What is your Leadership Journey Project and why did you choose it?

My leadership project is about examining unintended and unconscious biases in the pathways for advancement and promotion for LMIC staff into regional and global positions and ensuring those biases are addressed with more responsive systems, processes, and tools.  I hypothesize that there is room for improvement in creating more equitable and transparent merit-based promotion cultures within implementing partner organizations.

What has surprised you about the WomenLift Health Leadership Journey experience?

The genuine and authentic focus on DE&I and intersectionality in leadership.  Some of the conversations and experiences shared are messy, raw and real.  They can be uncomfortable and yet there is a real comradery within the group that goes beyond professional connection.  One former WLH cohort member described it as finding her tribe and I couldn’t agree more.

How can we ensure that we are centering women and girls in health?

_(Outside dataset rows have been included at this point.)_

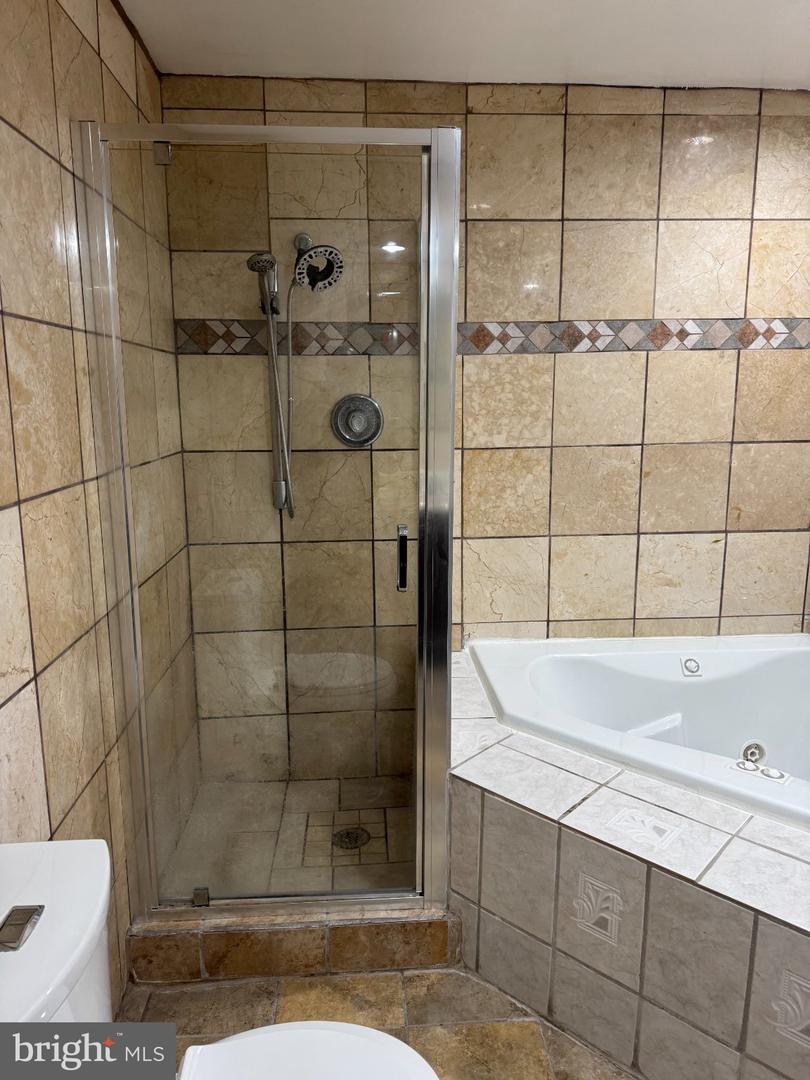 9211 Utica Pl Property Photo 2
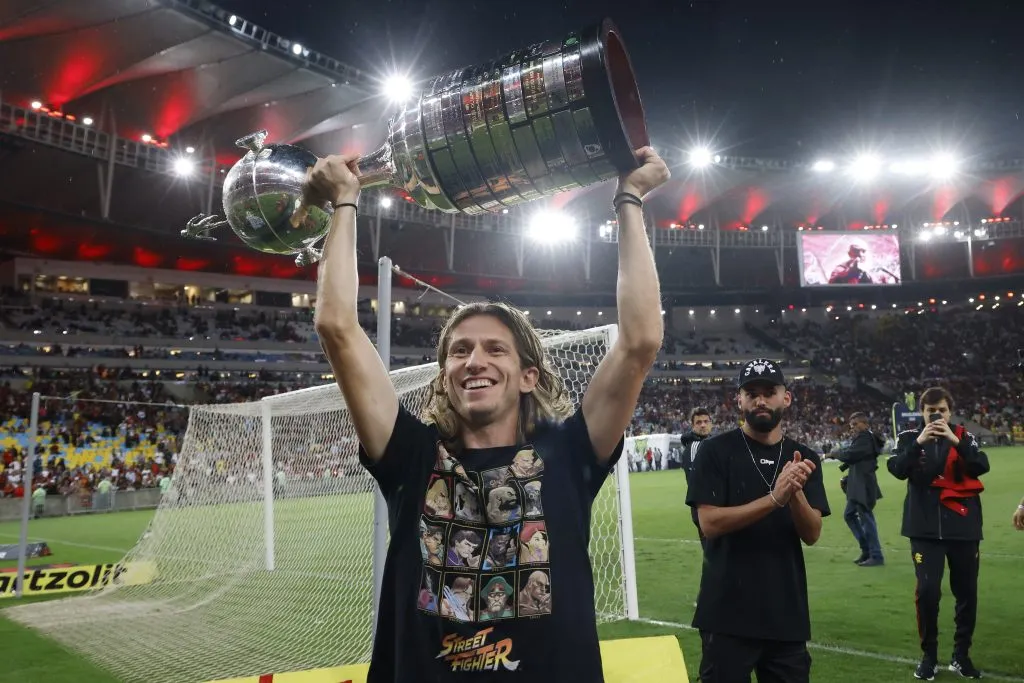 Flilipe Luís com a taça da Libertadores pelo Flamengo. Foto: Wagner Meier/Getty Images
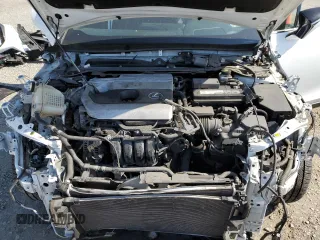 2019 Lexus UX 200 с VIN JTHY3JBH1K2005488, выставлен на аукционе Copart как лот 60835025 с пробегом 78 285 миль миль и Списание • Salvage title. История ставок и продаж доступна на DreamBid. Изображение 11.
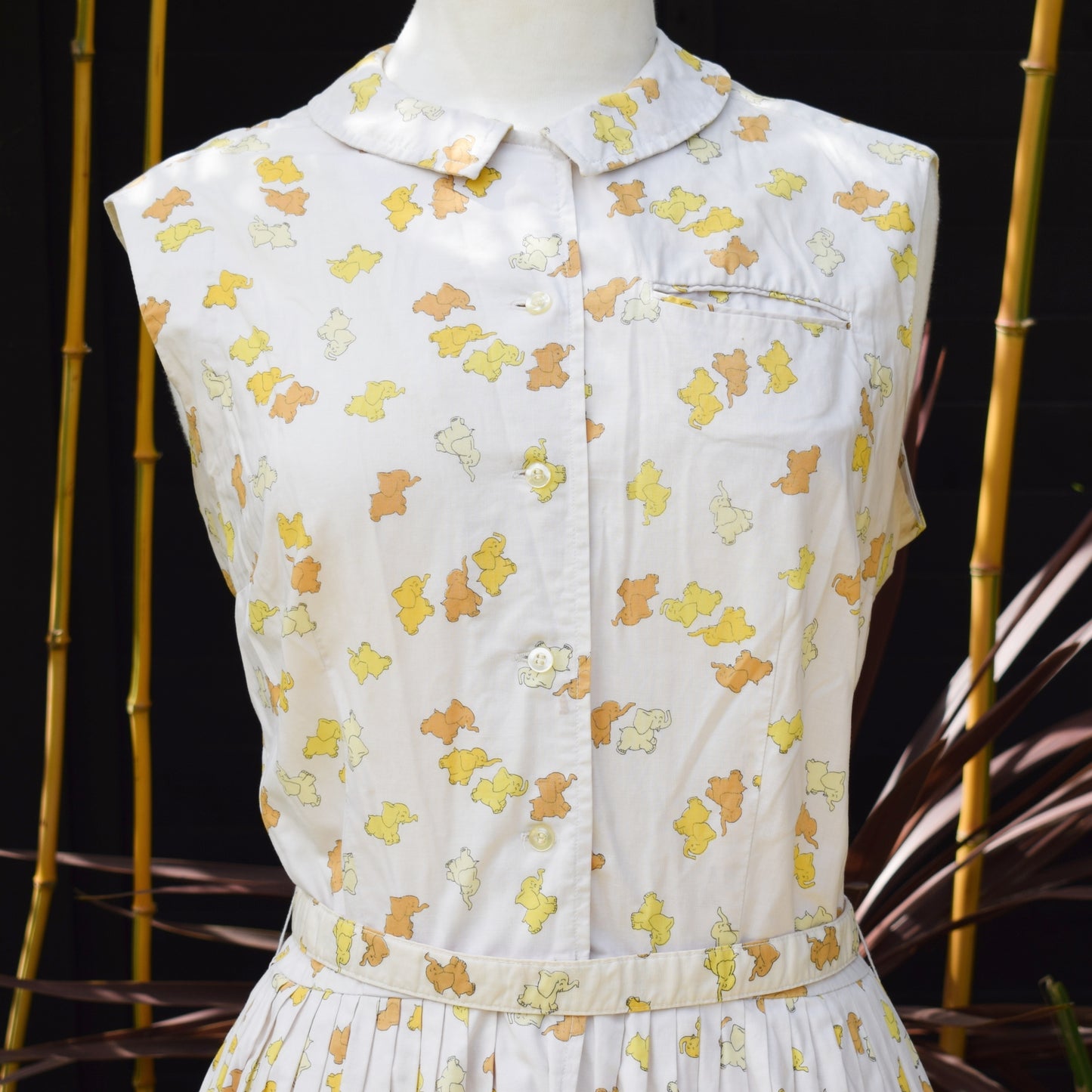 Vintage 1960s Dress - Elephant Print - Size 14 by Pineapple Retro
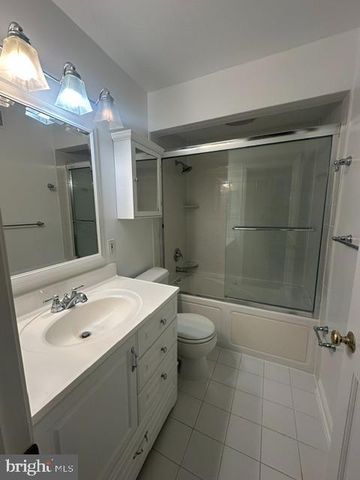 7412 HALLCREST DR, Mclean, VA 22102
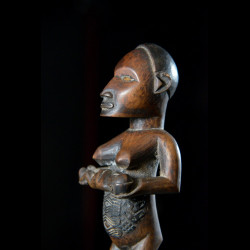 Statue cultuelle maternité - Bembe - RDC Zaire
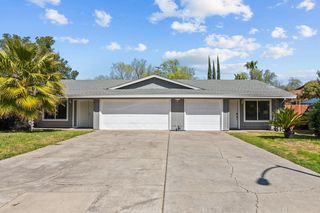 4721-4723 Large Oak Ct, Sacramento, CA 95841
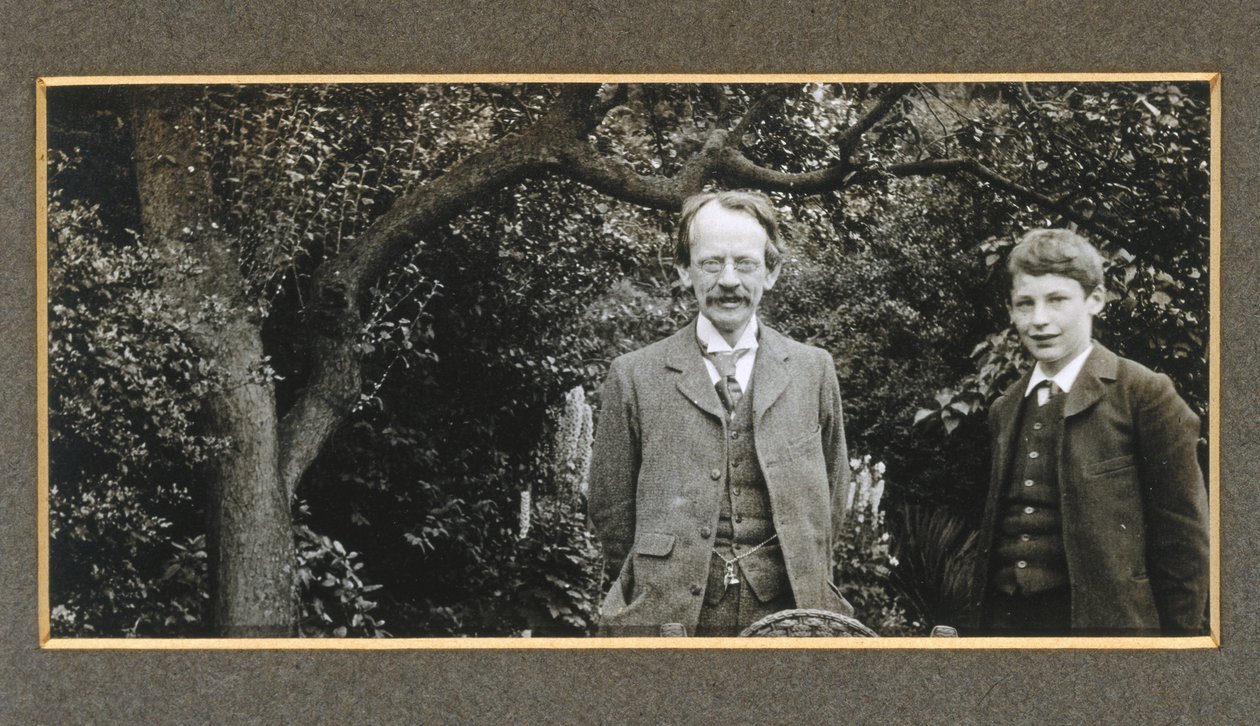 J J Thomson med sønnen George, ca 1909 av Unbekannt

By continuing to demand equality and advocating for professional pathways that are responsive to how women perform and want to advance in the workplace.  I sense coming fatigue with women’s demands for equality on the heels of ‘Me too’ and other very challenging and uncomfortable conversations.  But we cannot back down.

Who inspires you? 

All women across the globe who use their voice and their behaviors to be heard, even when attempts to silence our voices are overwhelming. Women have such an important and unique perspective and we owe it to the world to continuously offer and share it.